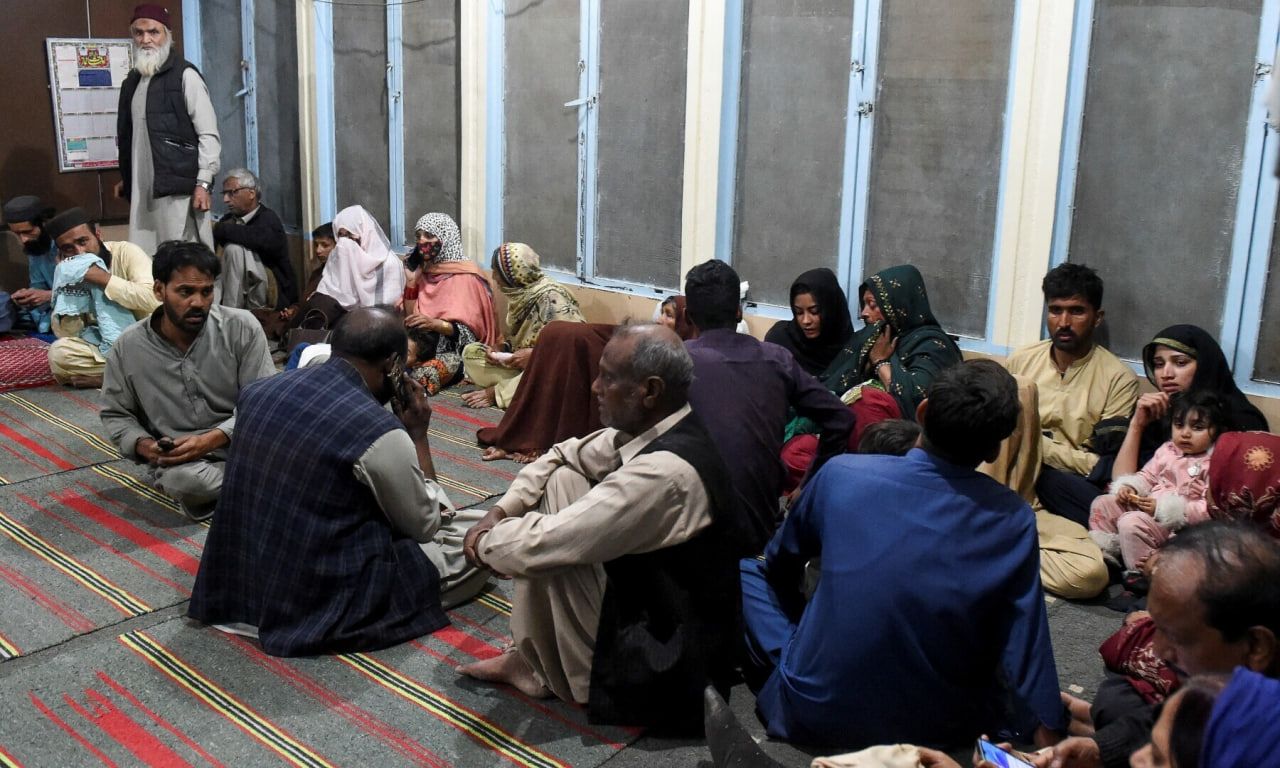 شماری از مسافران نجات‌یافته از عملیات گروگان‌گیری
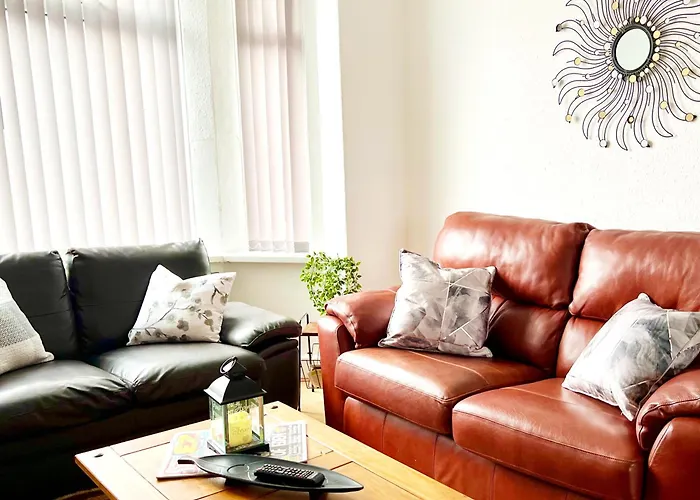 度假居 Cosy 3bdr In Levenshulme-close To Centre And Stockport Town- Free Parking- Wifi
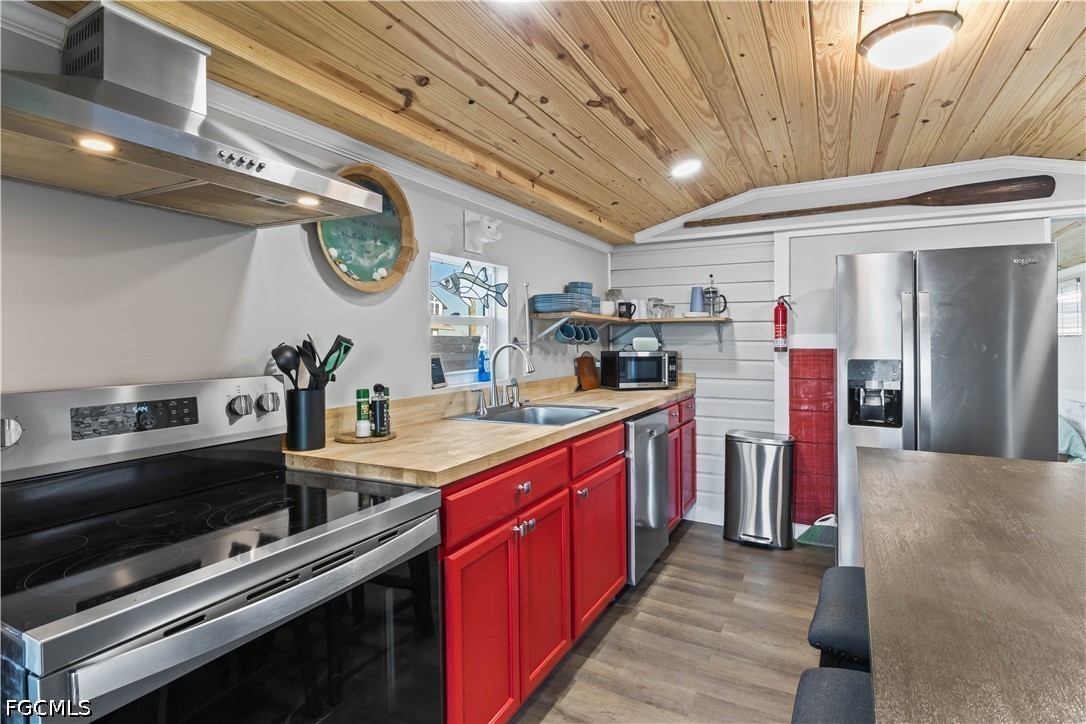 2 Bed Waterfront Home for Sale in Matlacha, FL, $399,900 — photo 26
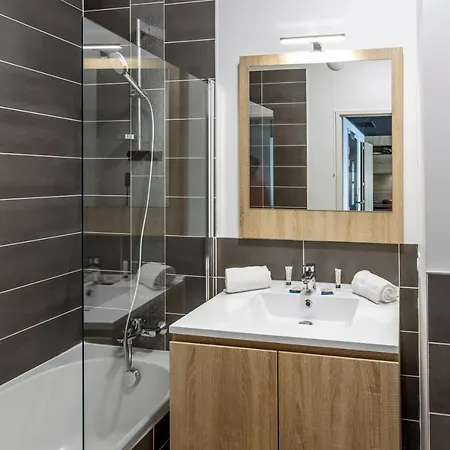 Nemea Appart Hotel Riviera Nice Promenade 4*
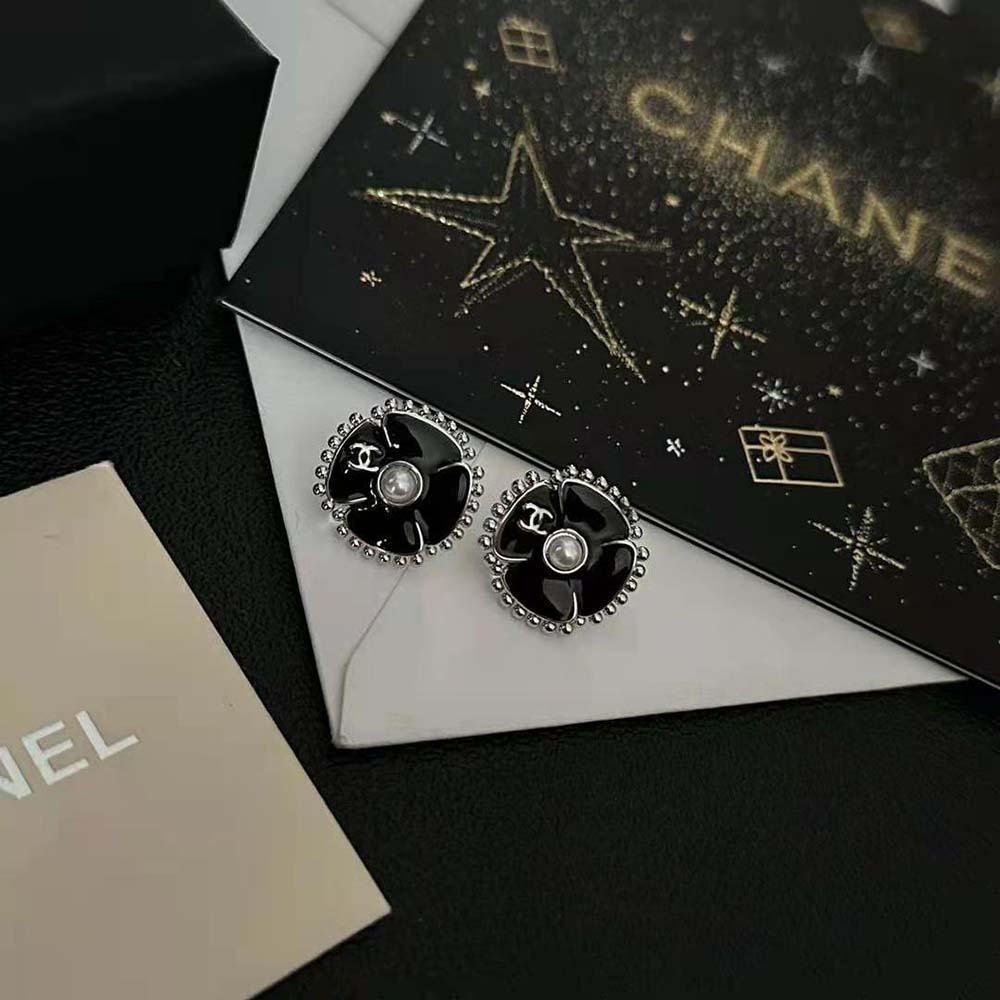 Chanel Women Clip-on Stud Earrings in Metal and Glass Pearls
━━━━
_Problem details_: A word-for-word copy of the records is needed, with no pictures carried over.

_Solution to the problem_:
 شماری از مسافران نجات‌یافته از عملیات گروگان‌گیری
 度假居 Cosy 3bdr In Levenshulme-close To Centre And Stockport Town- Free Parking- Wifi
 2 Bed Waterfront Home for Sale in Matlacha, FL, $399,900 — photo 26
 Nemea Appart Hotel Riviera Nice Promenade 4*
 Chanel Women Clip-on Stud Earrings in Metal and Glass Pearls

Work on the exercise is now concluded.